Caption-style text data
--
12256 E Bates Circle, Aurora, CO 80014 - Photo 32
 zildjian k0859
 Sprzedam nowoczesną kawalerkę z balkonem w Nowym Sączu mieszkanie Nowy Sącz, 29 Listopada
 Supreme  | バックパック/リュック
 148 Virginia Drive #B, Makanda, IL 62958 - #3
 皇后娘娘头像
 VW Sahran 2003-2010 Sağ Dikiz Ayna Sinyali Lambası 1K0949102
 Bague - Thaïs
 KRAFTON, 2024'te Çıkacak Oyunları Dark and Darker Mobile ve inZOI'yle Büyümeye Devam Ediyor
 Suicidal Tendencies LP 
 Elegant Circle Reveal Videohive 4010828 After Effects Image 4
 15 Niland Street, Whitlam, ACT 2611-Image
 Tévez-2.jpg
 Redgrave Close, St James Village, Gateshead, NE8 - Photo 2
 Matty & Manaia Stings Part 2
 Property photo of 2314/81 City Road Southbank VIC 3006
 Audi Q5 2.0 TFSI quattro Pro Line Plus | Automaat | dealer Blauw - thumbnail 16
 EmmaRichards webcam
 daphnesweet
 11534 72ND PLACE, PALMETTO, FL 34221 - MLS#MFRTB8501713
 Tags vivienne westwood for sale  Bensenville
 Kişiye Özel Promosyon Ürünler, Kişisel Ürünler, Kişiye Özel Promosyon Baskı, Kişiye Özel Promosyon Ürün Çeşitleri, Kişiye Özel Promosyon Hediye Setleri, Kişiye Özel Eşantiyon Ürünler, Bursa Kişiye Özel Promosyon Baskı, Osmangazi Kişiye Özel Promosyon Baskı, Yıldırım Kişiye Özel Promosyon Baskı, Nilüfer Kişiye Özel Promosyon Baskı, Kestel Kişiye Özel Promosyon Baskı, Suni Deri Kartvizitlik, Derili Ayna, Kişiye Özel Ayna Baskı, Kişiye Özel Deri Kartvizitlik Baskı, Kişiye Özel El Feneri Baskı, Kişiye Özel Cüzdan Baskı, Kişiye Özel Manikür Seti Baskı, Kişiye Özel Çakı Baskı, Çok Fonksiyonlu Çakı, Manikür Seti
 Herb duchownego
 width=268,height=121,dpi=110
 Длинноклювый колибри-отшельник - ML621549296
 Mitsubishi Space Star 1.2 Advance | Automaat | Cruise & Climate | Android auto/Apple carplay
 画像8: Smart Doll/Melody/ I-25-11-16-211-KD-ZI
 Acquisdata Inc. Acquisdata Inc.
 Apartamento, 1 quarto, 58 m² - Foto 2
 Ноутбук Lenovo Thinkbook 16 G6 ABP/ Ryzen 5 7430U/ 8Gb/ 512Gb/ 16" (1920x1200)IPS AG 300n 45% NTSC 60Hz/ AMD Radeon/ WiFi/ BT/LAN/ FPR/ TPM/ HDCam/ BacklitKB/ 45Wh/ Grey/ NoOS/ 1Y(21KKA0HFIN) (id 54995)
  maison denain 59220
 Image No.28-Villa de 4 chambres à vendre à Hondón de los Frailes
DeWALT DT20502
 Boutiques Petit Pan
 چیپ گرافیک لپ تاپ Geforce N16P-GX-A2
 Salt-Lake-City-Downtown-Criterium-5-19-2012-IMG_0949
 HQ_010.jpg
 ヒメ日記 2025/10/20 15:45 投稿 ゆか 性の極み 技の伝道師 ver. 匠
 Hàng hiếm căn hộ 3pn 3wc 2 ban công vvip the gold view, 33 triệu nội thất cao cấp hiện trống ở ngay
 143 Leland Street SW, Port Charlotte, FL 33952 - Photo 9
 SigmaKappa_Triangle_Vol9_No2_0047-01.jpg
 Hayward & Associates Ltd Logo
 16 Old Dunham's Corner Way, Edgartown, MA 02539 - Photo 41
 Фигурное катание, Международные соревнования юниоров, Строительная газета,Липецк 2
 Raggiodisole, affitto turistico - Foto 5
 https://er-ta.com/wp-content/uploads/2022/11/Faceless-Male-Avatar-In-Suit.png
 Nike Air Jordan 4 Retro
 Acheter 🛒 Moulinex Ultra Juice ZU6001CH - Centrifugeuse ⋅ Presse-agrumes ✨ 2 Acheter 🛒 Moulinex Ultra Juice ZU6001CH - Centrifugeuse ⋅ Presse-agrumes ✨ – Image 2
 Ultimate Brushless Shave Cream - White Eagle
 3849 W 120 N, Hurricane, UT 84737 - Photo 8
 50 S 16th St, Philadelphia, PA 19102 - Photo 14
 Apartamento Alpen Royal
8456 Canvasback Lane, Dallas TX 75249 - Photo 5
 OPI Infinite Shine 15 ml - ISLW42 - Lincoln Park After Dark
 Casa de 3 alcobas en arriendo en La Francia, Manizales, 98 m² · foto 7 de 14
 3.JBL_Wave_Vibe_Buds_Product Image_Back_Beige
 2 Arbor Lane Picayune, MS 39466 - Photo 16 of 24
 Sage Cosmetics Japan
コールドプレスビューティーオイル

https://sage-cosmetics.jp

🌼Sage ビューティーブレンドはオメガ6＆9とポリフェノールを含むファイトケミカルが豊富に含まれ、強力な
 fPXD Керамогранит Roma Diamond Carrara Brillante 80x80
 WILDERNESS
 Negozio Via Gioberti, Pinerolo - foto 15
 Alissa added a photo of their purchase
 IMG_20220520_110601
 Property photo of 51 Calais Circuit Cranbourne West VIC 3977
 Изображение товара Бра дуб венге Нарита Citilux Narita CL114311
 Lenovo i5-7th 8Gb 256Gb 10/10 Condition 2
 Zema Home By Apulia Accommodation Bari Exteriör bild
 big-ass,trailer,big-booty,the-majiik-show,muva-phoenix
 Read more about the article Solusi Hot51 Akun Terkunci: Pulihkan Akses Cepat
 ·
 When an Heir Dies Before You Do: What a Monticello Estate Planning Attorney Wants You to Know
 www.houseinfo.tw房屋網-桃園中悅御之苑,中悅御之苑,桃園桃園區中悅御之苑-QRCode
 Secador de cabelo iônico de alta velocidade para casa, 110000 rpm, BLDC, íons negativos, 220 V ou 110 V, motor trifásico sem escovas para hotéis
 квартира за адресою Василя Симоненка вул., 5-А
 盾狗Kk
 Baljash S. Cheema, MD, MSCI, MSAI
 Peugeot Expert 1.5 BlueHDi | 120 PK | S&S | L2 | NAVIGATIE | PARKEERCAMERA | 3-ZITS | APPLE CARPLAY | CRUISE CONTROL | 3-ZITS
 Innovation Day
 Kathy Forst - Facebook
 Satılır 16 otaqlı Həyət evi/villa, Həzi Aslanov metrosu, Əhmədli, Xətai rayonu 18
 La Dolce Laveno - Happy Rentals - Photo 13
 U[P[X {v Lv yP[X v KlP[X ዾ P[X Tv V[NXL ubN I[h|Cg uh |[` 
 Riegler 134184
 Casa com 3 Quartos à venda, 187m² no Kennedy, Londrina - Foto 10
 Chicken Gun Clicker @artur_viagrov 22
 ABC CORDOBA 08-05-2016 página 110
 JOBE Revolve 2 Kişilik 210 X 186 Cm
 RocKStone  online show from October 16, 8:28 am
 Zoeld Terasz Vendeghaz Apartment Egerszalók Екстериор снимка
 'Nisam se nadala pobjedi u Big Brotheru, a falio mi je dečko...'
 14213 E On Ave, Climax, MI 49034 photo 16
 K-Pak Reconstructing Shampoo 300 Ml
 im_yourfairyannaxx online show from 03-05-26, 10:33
--
# [What is required]
What the task asks for is a word-for-word repeat of the lines above, from the first through the one containing "Elegant Circle Reveal".

# [Completed exercise]
12256 E Bates Circle, Aurora, CO 80014 - Photo 32
 zildjian k0859
 Sprzedam nowoczesną kawalerkę z balkonem w Nowym Sączu mieszkanie Nowy Sącz, 29 Listopada
 Supreme  | バックパック/リュック
 148 Virginia Drive #B, Makanda, IL 62958 - #3
 皇后娘娘头像
 VW Sahran 2003-2010 Sağ Dikiz Ayna Sinyali Lambası 1K0949102
 Bague - Thaïs
 KRAFTON, 2024'te Çıkacak Oyunları Dark and Darker Mobile ve inZOI'yle Büyümeye Devam Ediyor
 Suicidal Tendencies LP 
 Elegant Circle Reveal Videohive 4010828 After Effects Image 4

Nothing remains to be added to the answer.